Without including any images, repeat the listing below exactly.
--- SUPPLIED MATERIAL Enclosed Below ---
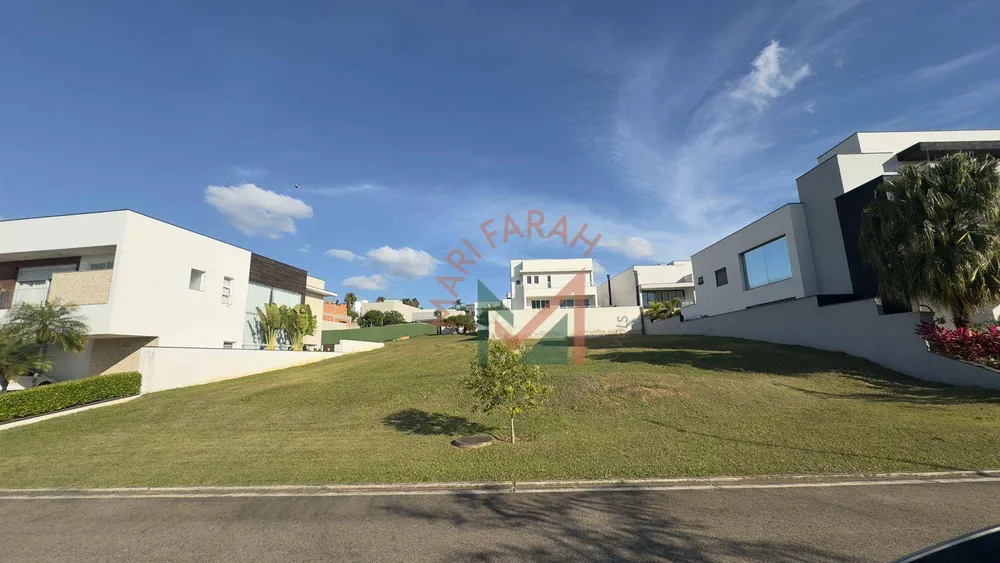 Loteamento e Condomínio, 432 m² - Foto 7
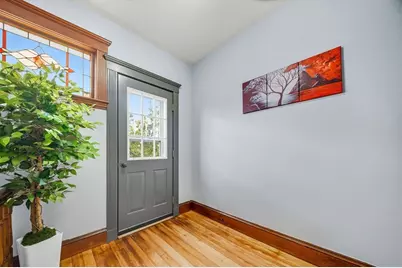 24 Hinckley #3, Boston, MA 02125 - Photo 7
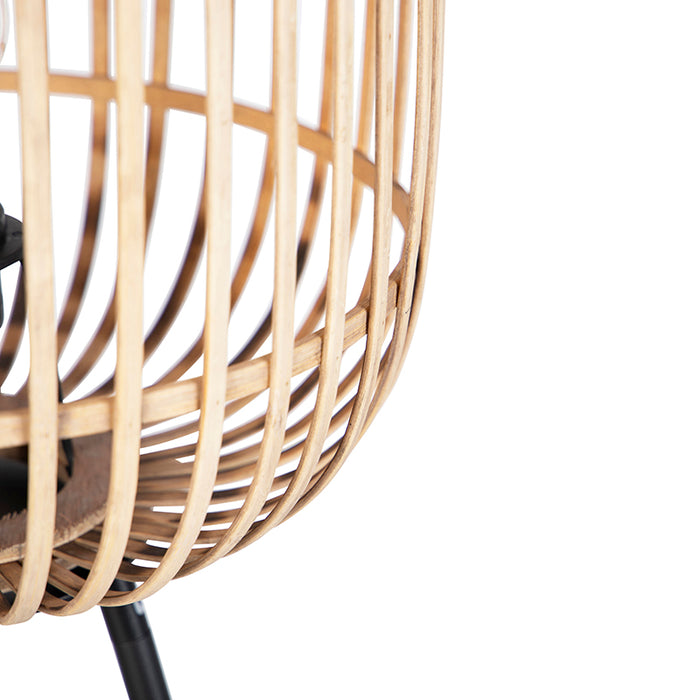 2b9c3771-2f4b-42f8-b3c1-71ac7394ca98-afbeelding9.jpg (4106523)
--- End of Enclosed SUPPLIED MATERIAL ---
SOLUTION FOR THIS EXERCISE:
 Loteamento e Condomínio, 432 m² - Foto 7
 24 Hinckley #3, Boston, MA 02125 - Photo 7
 2b9c3771-2f4b-42f8-b3c1-71ac7394ca98-afbeelding9.jpg (4106523)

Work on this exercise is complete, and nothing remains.